| Samantha Ciuffa Polícia Civil/Divulgação |
| Delegado Dinair José da Silva e a montanha de recicláveis no quintal da casa em foto da polícia |
A Polícia Civil de Bauru, por meio da delegacia de Crimes Ambientais da Central de Polícia Judiciária (CPJ), registrou boletim de ocorrência (BO), nessa segunda-feira (18), contra uma moradora do Beija-Flor pelo acúmulo de grande quantidade de materiais recicláveis no quintal. A polícia foi acionada por agentes sanitários, que já tinham vistoriado o endereço há 30 dias e solicitado a limpeza. Um novo prazo de 5 dias foi dado à mulher. De acordo com o BO, a extensão do prazo se deu em virtude de a moradora, que possui 72 anos, ser de baixa renda. Ela, no entanto, foi levada para a CPJ e deve responder, segundo o delegado Dinair José da Silva, pelo crime previsto no artigo 50, da lei de Crimes Ambientais (9.605/98), que pune quem causa poluição de qualquer natureza.
"Estamos em meio ao surto de dengue na cidade. A grande quantidade de materiais dos mais diversos tipos estava à intempérie do tempo, o que pode gerar propagação de mosquito da dengue, assim como de outras pragas urbanas, como baratas, escorpiões e ratos. E, neste caso, houve reincidência, porque ela foi orientada e não limpou", cita o delegado.
A reportagem esteve no local no início da noite de ontem e constatou a situação. Da rua era possível observar as pilhas de mais de um metro com objetos como plásticos de diversos tipos, roupas, móveis quebrados, tanto na frente quanto no quintal da casa.
'VAMOS LIMPAR'
Ao JC, a moradora de 72 anos contou que vende recicláveis há alguns anos para completar a renda dela e do marido, de 84 anos. Eles vivem com dois salários mínimos, segundo ela.

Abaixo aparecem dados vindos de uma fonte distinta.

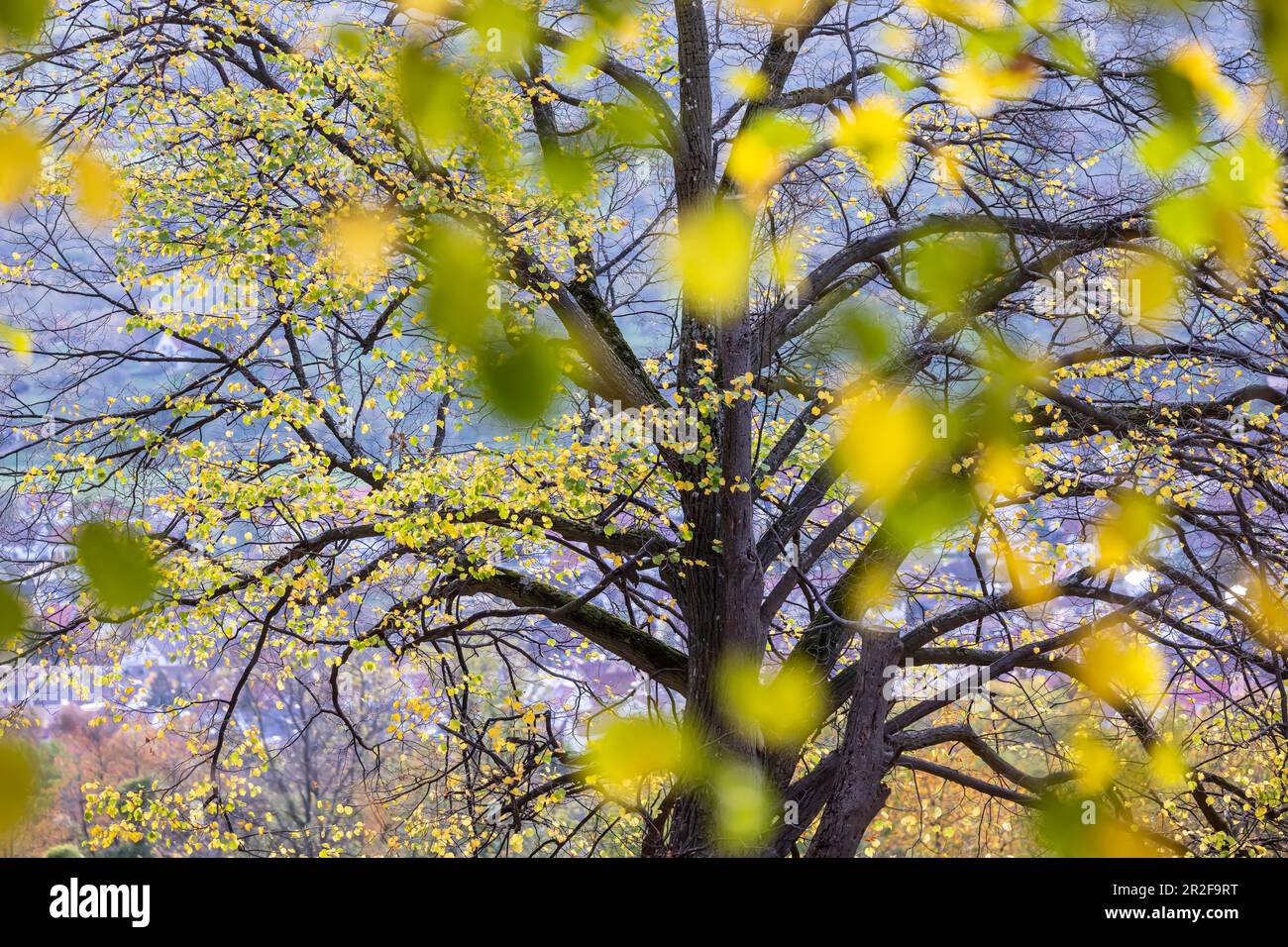 Herbst auf dem Kamm der Schwäbischen Alb, bunte Herbstblätter, Owen, Baden-Württemberg, Deutschland Stockfoto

"Ao meu ponto de vista não tem tanto perigo assim, nós moramos aqui no meio disso e nunca tivemos dengue. Mas, entendo, sei que passou um pouco do ponto. Vamos limpar tudo, já até liguei para o reciclável vir buscar", afirma a idosa. "Até sexta-feira isso aqui estará limpinho, até porque pretendo dar uma reformada na casa e assim não dá", promete.
Fiscalização não pode ser impedida
Na última semana, a Polícia Civil também auxiliou os agentes sanitários na fiscalização de uma casa de repouso no bairro Vânia Maria. Houve denúncia e a equipe da prefeitura teria sido impedida de ingressar no local pelos proprietários, por isso a Polícia Civil foi acionada. Além de uma piscina desativada com lâmina de água escura ao fundo, os agentes flagraram no local medicação vencida. "Não se pode impedir ou dificultar a ação da autoridade sanitária de fiscalizar, sob pena de crime de desobediência, pois é um serviço de relevância para a população em meio ao surto de dengue que nos encontramos. Além disso, há punição prevista pelo Código Sanitário Federal", cita o delegado Dinair.
A casa de repouso responderá, ainda, pelo artigo 50, por causar poluição de qualquer natureza, e pelo artigo 278 do Código Penal, por possuir substância nociva à saúde, referente aos remédios vencidos.